[Python-Dev] utf8 issue

Guido van Rossum guido@python.org
Fri, 06 Sep 2002 10:06:21 -0400


[MAL, on UTF-8 for unicode]
> Marshal uses it since 1.6. The point is that the fix to the
> lone surrogate problem resulted in a change of the UTF codec
> output. PYCs from unpatched and patched versions wouldn't
> interop if they use lone surrogates in Unicode literals. We
> usually bump the PYC magic in such a case, to avoid these
> issues. Since it's not possible for a patch level release,
> we have two choices:
> 
> 1. leave things as they are
> 
> 2. apply the fix and live with the consequences of having
>     to regenerate PYCs by hand

[but then later]

> One possibility would be to:
> 
> 1. change the UTF-8 encoder in Python 2.2 to produce correct
>     output
> 
> 2. let the UTF-8 decoder in Python 2.2 accept the correct
>     output *and* the maformed output

This sounds like the right solution.  I hope you can produce a patch
against the release22-maint branch.

> I am not sure whether 2. would introduce a security problem.
> Perhaps there is a way to restrict the work-around so that
> we don't run into UTF-8 encoding attack problems.
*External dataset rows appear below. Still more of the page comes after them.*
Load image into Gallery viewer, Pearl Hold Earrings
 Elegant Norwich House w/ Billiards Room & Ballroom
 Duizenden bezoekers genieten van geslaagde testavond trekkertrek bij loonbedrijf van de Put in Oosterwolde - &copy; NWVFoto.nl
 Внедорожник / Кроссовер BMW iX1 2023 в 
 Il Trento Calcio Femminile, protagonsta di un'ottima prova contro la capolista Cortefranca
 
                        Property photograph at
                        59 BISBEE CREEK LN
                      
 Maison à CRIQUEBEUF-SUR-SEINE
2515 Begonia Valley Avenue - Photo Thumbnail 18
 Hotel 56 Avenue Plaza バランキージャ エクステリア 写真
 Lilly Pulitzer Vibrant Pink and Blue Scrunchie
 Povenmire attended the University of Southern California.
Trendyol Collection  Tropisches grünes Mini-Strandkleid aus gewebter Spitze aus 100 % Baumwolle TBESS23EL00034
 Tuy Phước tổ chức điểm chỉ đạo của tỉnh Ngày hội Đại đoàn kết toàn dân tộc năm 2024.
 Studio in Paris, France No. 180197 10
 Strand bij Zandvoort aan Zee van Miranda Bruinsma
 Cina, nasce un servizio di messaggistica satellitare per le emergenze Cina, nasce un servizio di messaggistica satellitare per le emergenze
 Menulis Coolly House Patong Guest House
I don't see what this vulnerability (if it is one) adds to the already
laughable security of marshal and .pyc files.  If someone you don't
trust can write your .pyc files, they can cause your interpreter to
crash by inserting bogus bytecode.  So I'd say this is a non-issue.

--Guido van Rossum (home page: http://www.python.org/~guido/)